Write out the data exactly, please, and omit the pictures.

## Data
+++

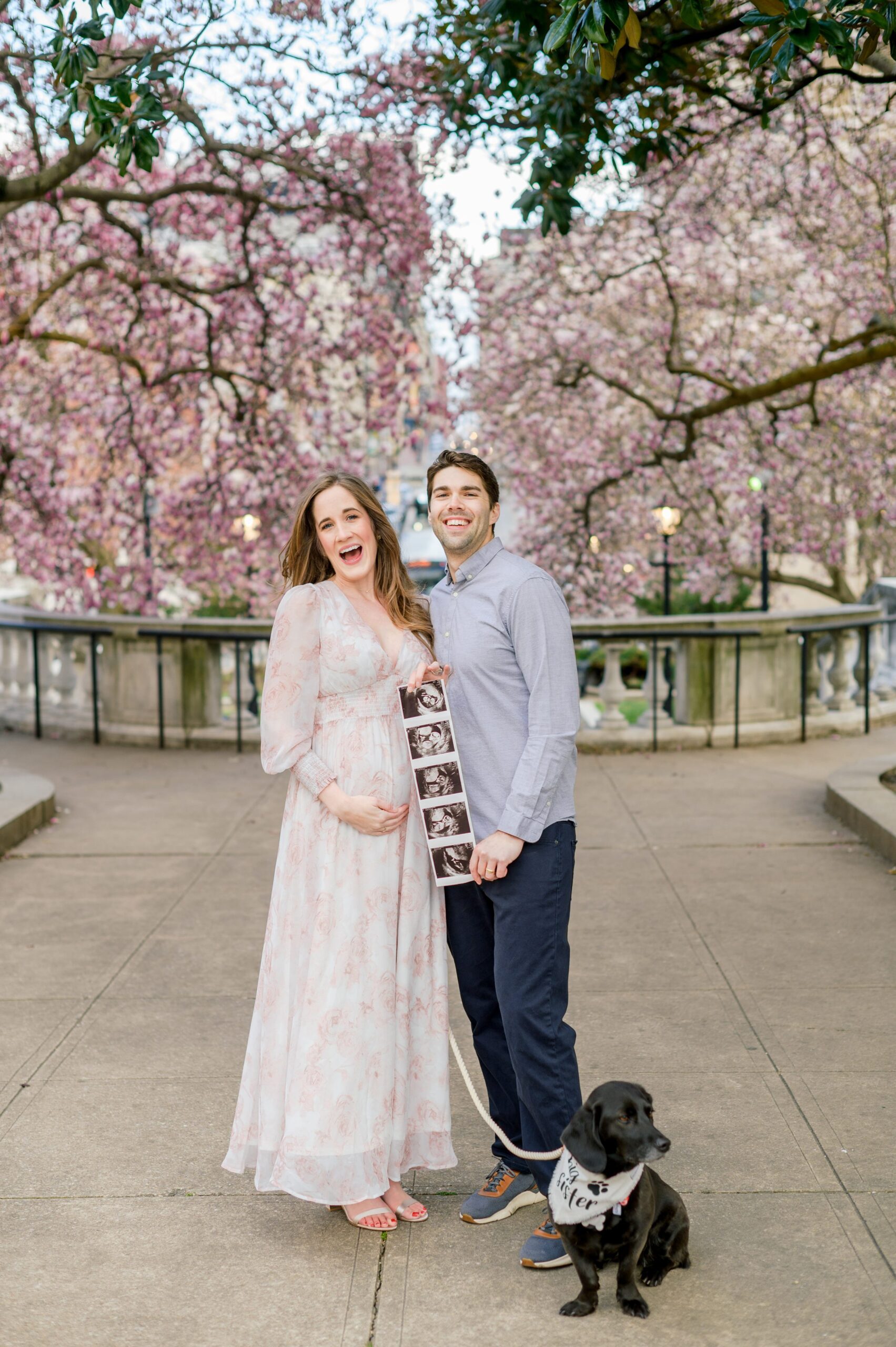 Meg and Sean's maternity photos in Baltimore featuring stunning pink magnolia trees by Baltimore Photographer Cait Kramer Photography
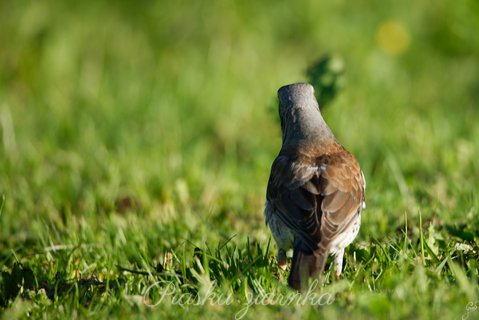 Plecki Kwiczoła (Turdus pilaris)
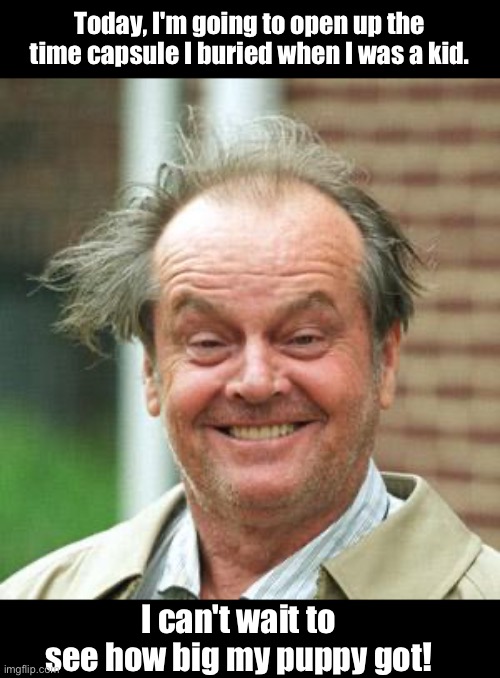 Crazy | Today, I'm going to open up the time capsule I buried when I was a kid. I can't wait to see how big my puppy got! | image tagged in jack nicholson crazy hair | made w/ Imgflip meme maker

+++

## Solved exercise
 Meg and Sean's maternity photos in Baltimore featuring stunning pink magnolia trees by Baltimore Photographer Cait Kramer Photography
 Plecki Kwiczoła (Turdus pilaris)
 Crazy | Today, I'm going to open up the time capsule I buried when I was a kid. I can't wait to see how big my puppy got! | image tagged in jack nicholson crazy hair | made w/ Imgflip meme maker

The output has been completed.